# Problem Description

## What is the problem you are trying to solve?

Identifying the MAX (light rail) stations in Portland, Oregon that have the highest frequency of crime occurences near them in order to aid more efficient and effective allocation of scarce police resources.

# Background

In Portland, there is increasing concern about crime occuring near light rail (MAX) stations. This is exacerbated by the fact that there are not enough officers to provide adequate coverage of these increasingly high-crime areas. Furthermore, Portlanders are averse to the creation of an armed transit police force, despite the increasing occurence of violent crime outbreaks on the transit lines. Given this context, it would be of value to identify the MAX stations requiring additional police coverage, which will allow for more efficient and effective distribution of police officers to the areas in which they are needed.

# Data

## How can you use data to answer the question?

The primary thrust of my approach will be to use open data to calculate the frequency of crime occurences within a defined buffer (e.g., 1,000 meters) encompassing Portland light rail stations. Secondarily, given enough time, additional data could be used to normalize these occurences in order to derive more meaningful insights and make more substantive comparisons between areas.

## What data do you need to answer the question?
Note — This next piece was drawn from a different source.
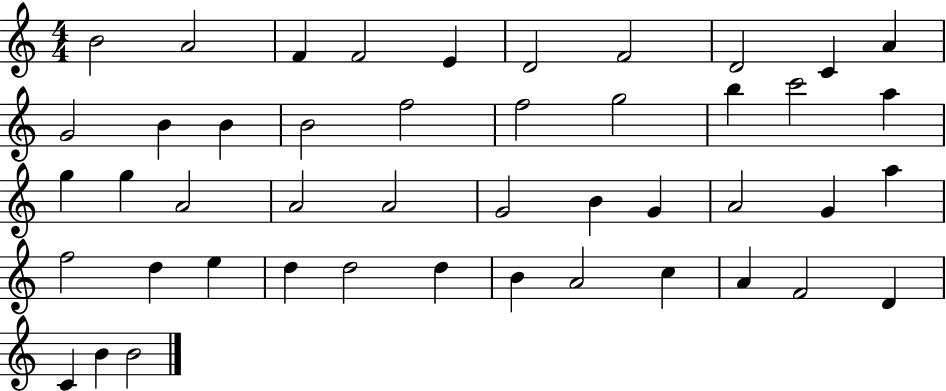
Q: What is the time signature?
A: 4/4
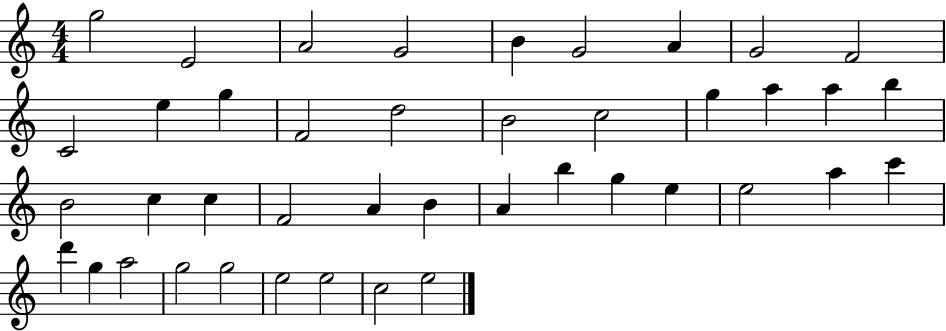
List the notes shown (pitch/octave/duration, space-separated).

G5/h E4/h A4/h G4/h B4/q G4/h A4/q G4/h F4/h C4/h E5/q G5/q F4/h D5/h B4/h C5/h G5/q A5/q A5/q B5/q B4/h C5/q C5/q F4/h A4/q B4/q A4/q B5/q G5/q E5/q E5/h A5/q C6/q D6/q G5/q A5/h G5/h G5/h E5/h E5/h C5/h E5/h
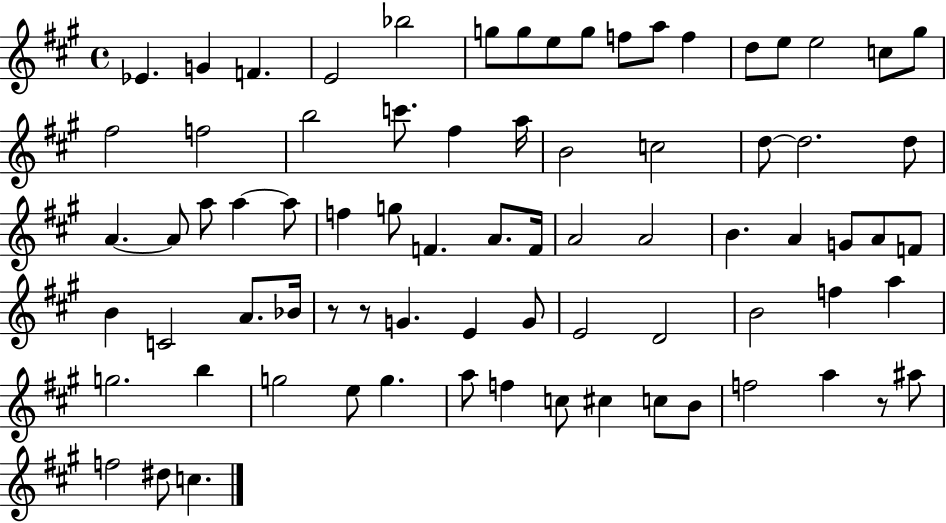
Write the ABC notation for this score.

In order to begin the analysis described above, two sources of data will be required (at a minimum):

1. Portland MAX station locations
2. Portland crime data

Additionally, in order to normalize the crime data aggregations, a third dataset will be required:

3. Portland population data (citywide, and by neighborhood)

## Where is the data coming from (identify all sources) and how will you get it?
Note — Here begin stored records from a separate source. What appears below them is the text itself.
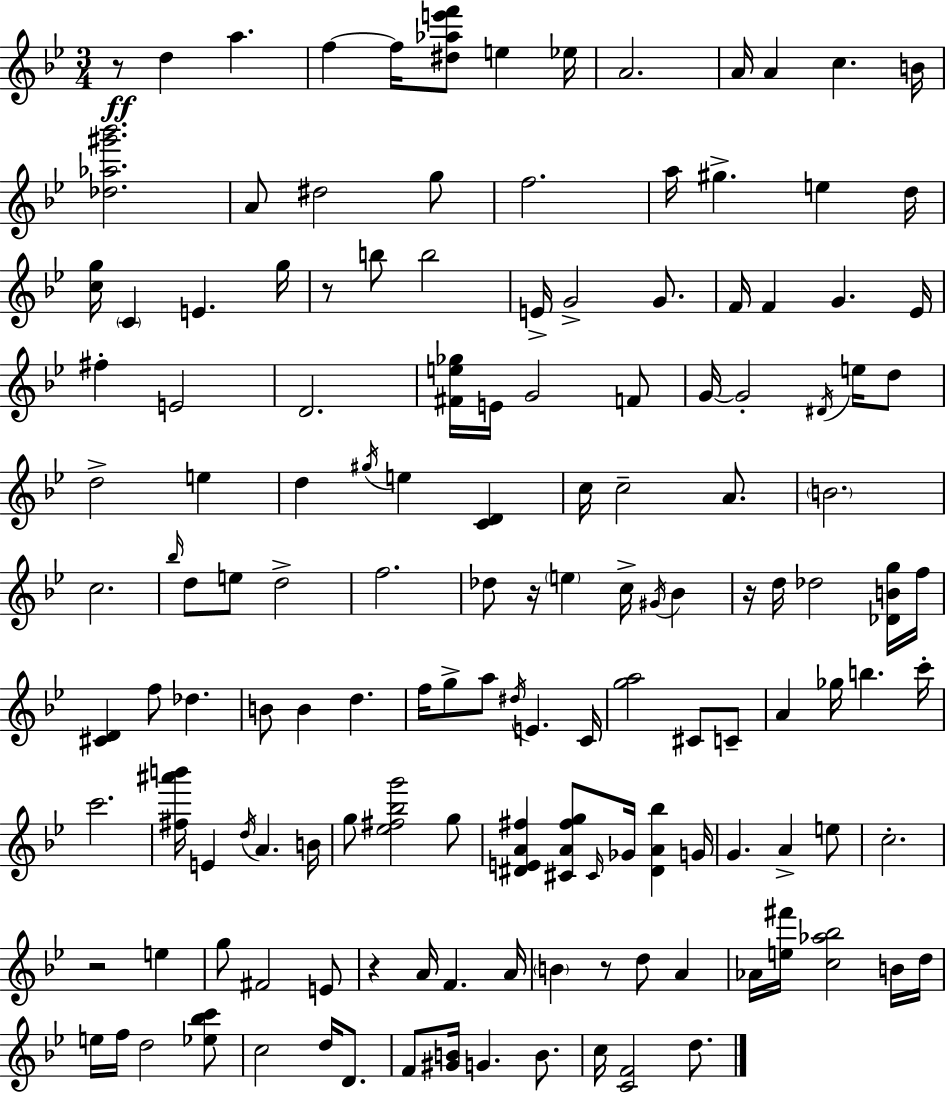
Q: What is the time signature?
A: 3/4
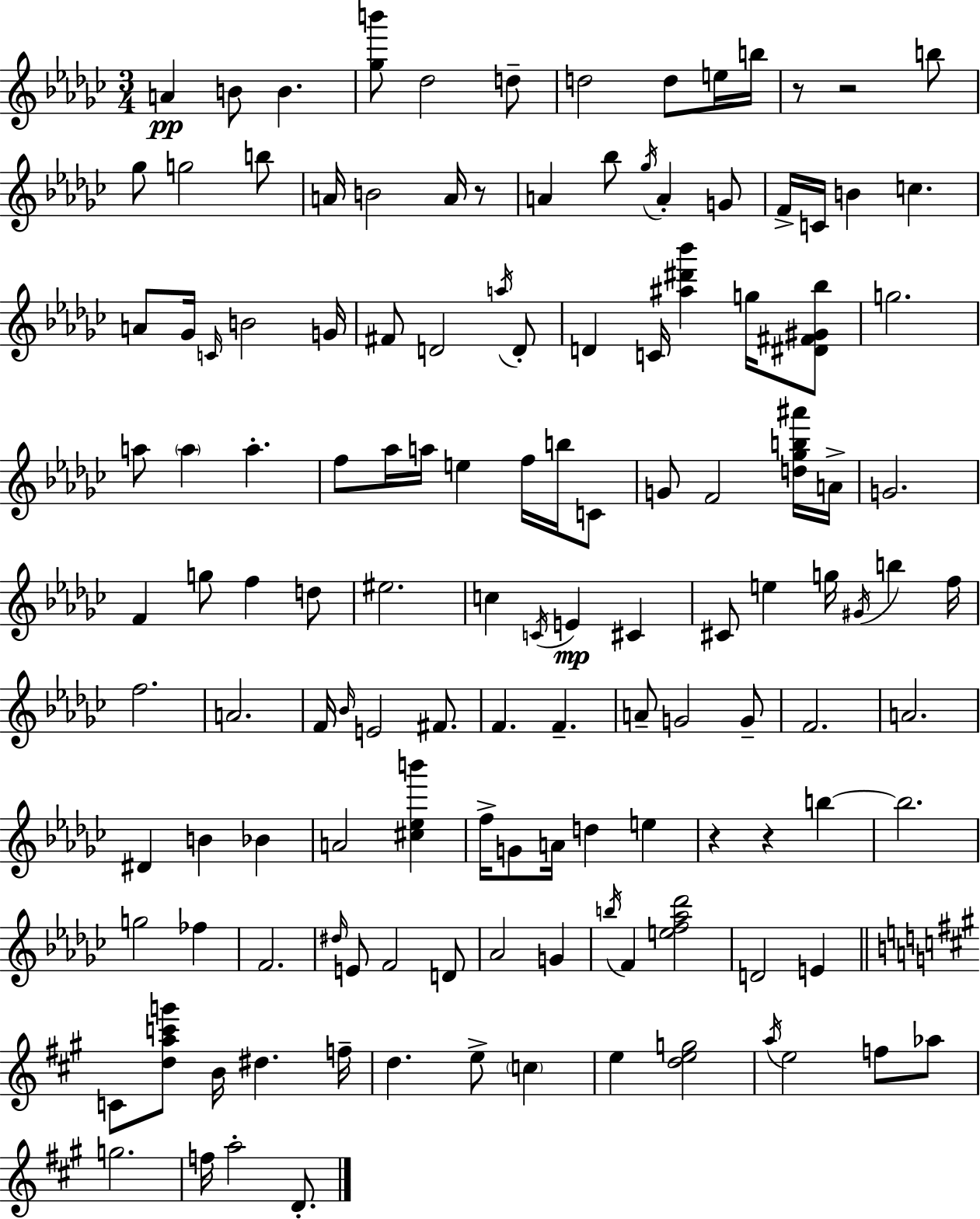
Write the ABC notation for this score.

X:1
T:Untitled
M:3/4
L:1/4
K:Ebm
A B/2 B [_gb']/2 _d2 d/2 d2 d/2 e/4 b/4 z/2 z2 b/2 _g/2 g2 b/2 A/4 B2 A/4 z/2 A _b/2 _g/4 A G/2 F/4 C/4 B c A/2 _G/4 C/4 B2 G/4 ^F/2 D2 a/4 D/2 D C/4 [^a^d'_b'] g/4 [^D^F^G_b]/2 g2 a/2 a a f/2 _a/4 a/4 e f/4 b/4 C/2 G/2 F2 [d_gb^a']/4 A/4 G2 F g/2 f d/2 ^e2 c C/4 E ^C ^C/2 e g/4 ^G/4 b f/4 f2 A2 F/4 _B/4 E2 ^F/2 F F A/2 G2 G/2 F2 A2 ^D B _B A2 [^c_eb'] f/4 G/2 A/4 d e z z b b2 g2 _f F2 ^d/4 E/2 F2 D/2 _A2 G b/4 F [ef_a_d']2 D2 E C/2 [dac'g']/2 B/4 ^d f/4 d e/2 c e [deg]2 a/4 e2 f/2 _a/2 g2 f/4 a2 D/2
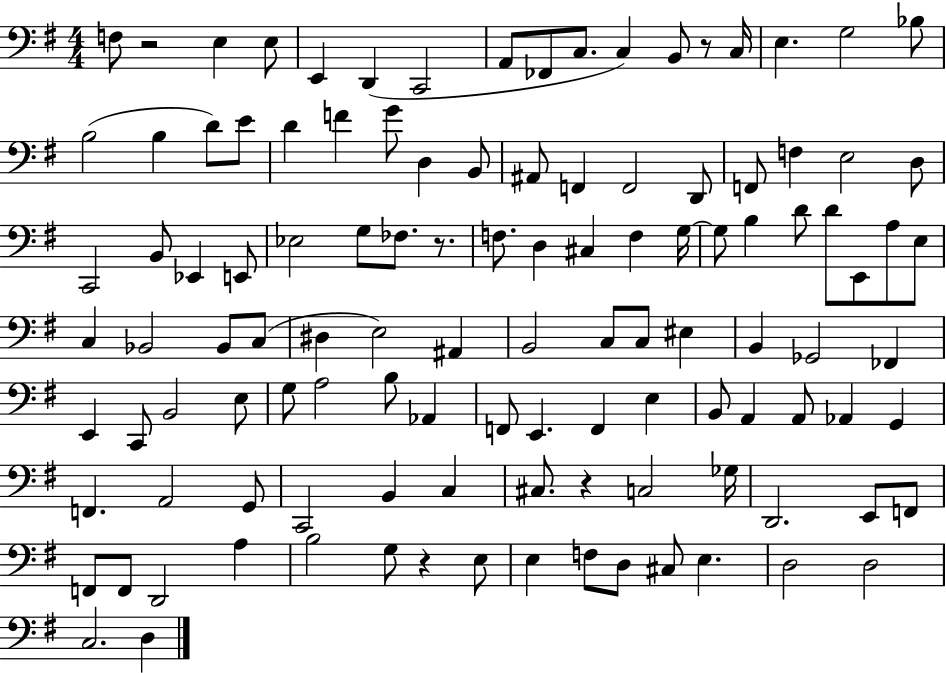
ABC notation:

X:1
T:Untitled
M:4/4
L:1/4
K:G
F,/2 z2 E, E,/2 E,, D,, C,,2 A,,/2 _F,,/2 C,/2 C, B,,/2 z/2 C,/4 E, G,2 _B,/2 B,2 B, D/2 E/2 D F G/2 D, B,,/2 ^A,,/2 F,, F,,2 D,,/2 F,,/2 F, E,2 D,/2 C,,2 B,,/2 _E,, E,,/2 _E,2 G,/2 _F,/2 z/2 F,/2 D, ^C, F, G,/4 G,/2 B, D/2 D/2 E,,/2 A,/2 E,/2 C, _B,,2 _B,,/2 C,/2 ^D, E,2 ^A,, B,,2 C,/2 C,/2 ^E, B,, _G,,2 _F,, E,, C,,/2 B,,2 E,/2 G,/2 A,2 B,/2 _A,, F,,/2 E,, F,, E, B,,/2 A,, A,,/2 _A,, G,, F,, A,,2 G,,/2 C,,2 B,, C, ^C,/2 z C,2 _G,/4 D,,2 E,,/2 F,,/2 F,,/2 F,,/2 D,,2 A, B,2 G,/2 z E,/2 E, F,/2 D,/2 ^C,/2 E, D,2 D,2 C,2 D,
The sources of data have been identified as follows:

Portland MAX station locations--

* Foursquare API
* Trimet Geospatial Data (if needed)

Portland crime data--

* Portland Police Bureau Neighborhood Offense Statistics

Portland population data--

* *PDX Monthly* Report (*Portland Neighborhoods by the Numbers 2018*)

## Is the data to be collected representative of the problem to be solved?
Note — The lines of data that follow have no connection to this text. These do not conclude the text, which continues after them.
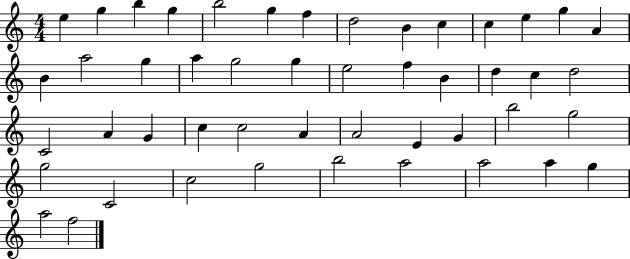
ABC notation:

X:1
T:Untitled
M:4/4
L:1/4
K:C
e g b g b2 g f d2 B c c e g A B a2 g a g2 g e2 f B d c d2 C2 A G c c2 A A2 E G b2 g2 g2 C2 c2 g2 b2 a2 a2 a g a2 f2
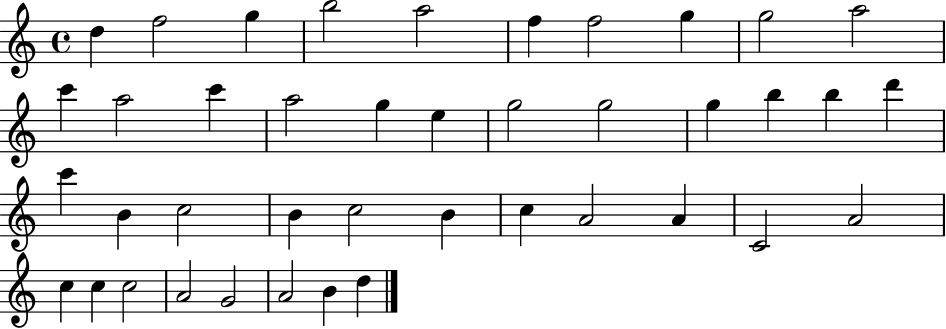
D5/q F5/h G5/q B5/h A5/h F5/q F5/h G5/q G5/h A5/h C6/q A5/h C6/q A5/h G5/q E5/q G5/h G5/h G5/q B5/q B5/q D6/q C6/q B4/q C5/h B4/q C5/h B4/q C5/q A4/h A4/q C4/h A4/h C5/q C5/q C5/h A4/h G4/h A4/h B4/q D5/q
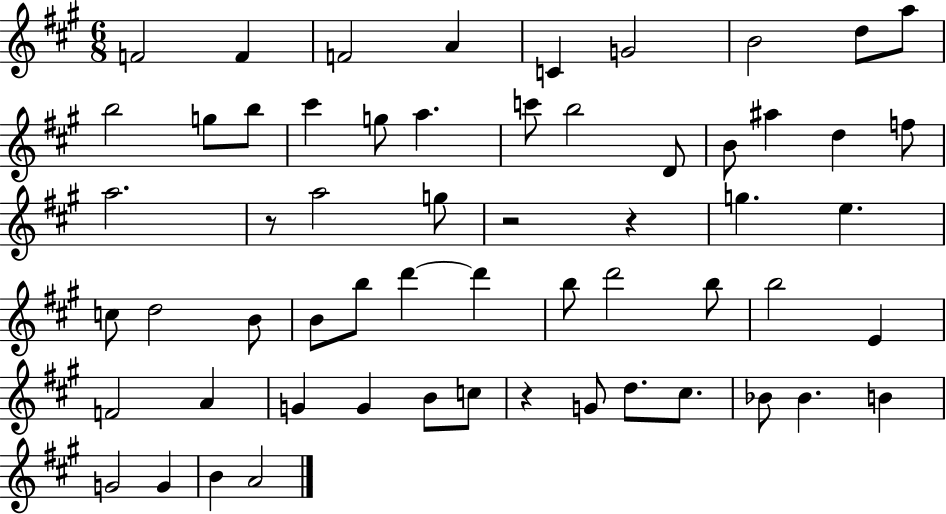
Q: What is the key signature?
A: A major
The cumulative data to be collected can be reasonably assumed to be representative of the problem to be solved, with the caveat being that 2018 data will have to be used (given the absence of complete 2019 data). Also, Portland neighborhood polygons (easily accessible) may be required to aid the requisite spatial analysis.

## What additional work is required to manipulate and work with the data?

The response object returned from the Foursquare API call will have to be traversed and appended to lists in order to be manipulated into a useable dataframe, which will require some scripting. Given the utilization of buffers to aggregate crime counts near MAX stations, specialized libraries will be required (i.e., Shapely and/or GeoPandas) to establish polygons to be used in the requisite spatial analysis. Aggregated crime counts will need to be input into a dataframe in order to be normalized using population data. A final choropleth could be generated using this result in order to allow for the facilitated visual identification of neighborhoods with higher frequency of crime occurences near MAX stations, per capita.